What’s left is the stack of content marketing creation tools like Percolate and NewsCred, and to a lesser extent content inventory tools such as Outbrain, Taboola, Livefyre, Disqus that auction off the remnant pixel space on pages publishers might once have reserved for display. These are all amazing tools, and when managed and/or hoisted onto demand generation platforms (say from Contently or Zemanta), can bring gigantic, value both to publishers and brands. It just makes much sense: Display is tanking, and social (as we used to say at Dachis Group) is engagement@scale. Native formats create real value, better correlated to real-time, and are agnostic of platform, with more utility in owned channels and greater amplification in earned media channels. What’s not to like? The smart minds are working through the complexities of native programmatic, and I have no doubt it’s going to scale, spewing more new companies and a bunch of cash before the inevitable culling.

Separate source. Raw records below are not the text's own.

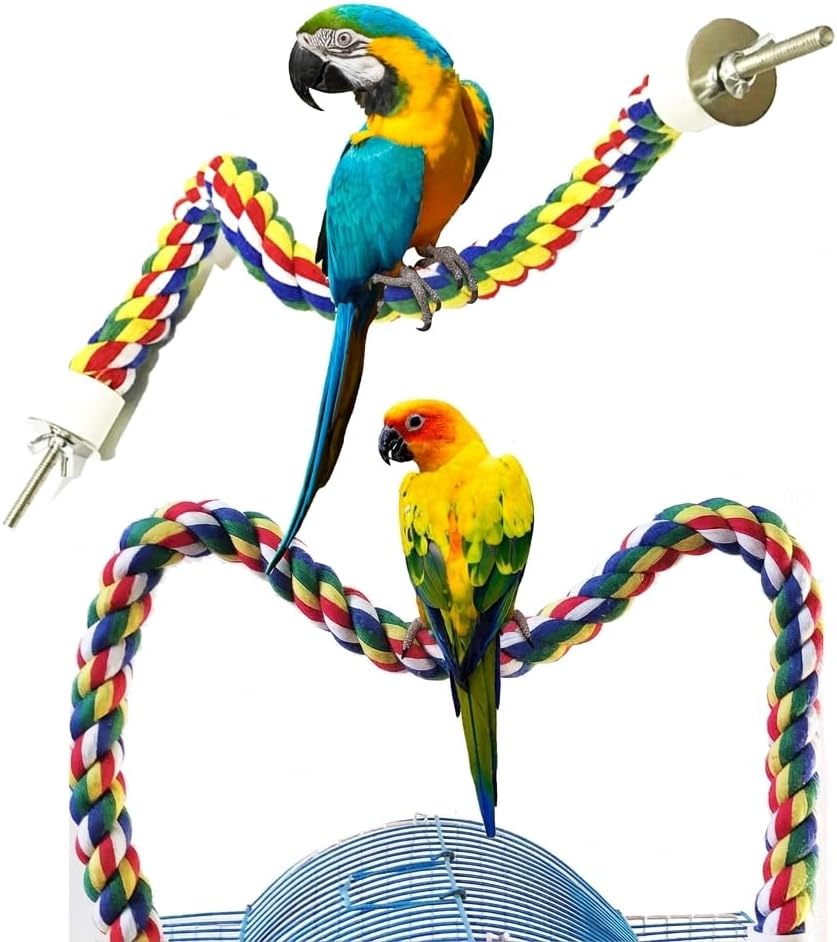 Bird Perch,Bird Rope Perch & Rope Perch,Bird perches for cage,Rope Perch for Conures,Parrots,Cockatiel,Lovebird,Budgerigar,Parakeet Rope perches for cage (2PCS Nipple 24inch)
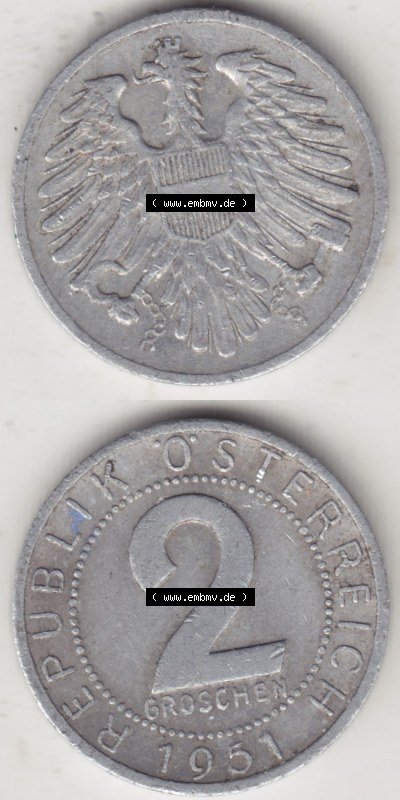 Münzen Österreich / Austria Eurovorläufer, Umlaufmünze vor Euroeinführung 1950-1994, 2 Groschen 1951 (4) Sammlung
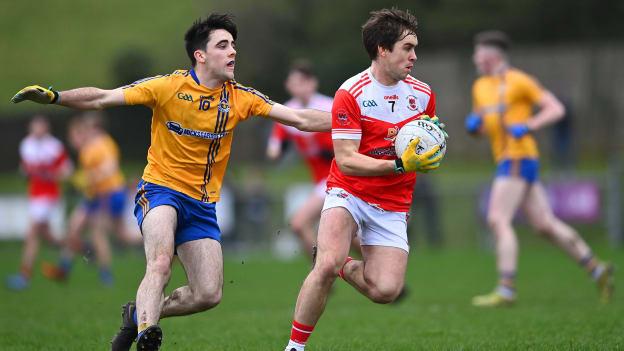 David Murray of Pádraig Pearses in action against Pearse Ruttledge of Knockmore during the AIB Connacht GAA Football Senior Club Championship Final match between Knockmore and Pádraig Pearses at James Stephens Park in Ballina, Mayo. 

So why I am already feeling the anticipatory grief of that culling, just like there’s been in ad tech and social? It’s not that the space is already overcrowded. Yes, there’s already a Lumascape for native, but there’s still plenty of room for earnest competitors and the inevitable slew of trailing me-toos and anklebiters. What makes me sad, I guess is the greater realization that native is so quickly becoming the problem it was intended to resolve. Instead of providing authentic, high value brand experiences—a way to break out of the clutter—it’s just becoming another kind of clutter embedded in a different agency cohort and with different price points. We have met the enemy and he is us.
So what’s a CMO to do?
In my next post, I’ll dive into the area where I see the opportunity to drive the content marketing explosion into brand experience. For now, just one statement seems to sum up the essence of my thinking: the future of content marketing isn’t better widgets or better supply chains for those widgets (although all that will help). Whether you’re a content brand or a marketer, the key to the future will be design thinking: recognizing how the customer journey shapes the touchpoints and distribution channels of innovative content creation. Design innovation of bits to channels is where we’re about to go.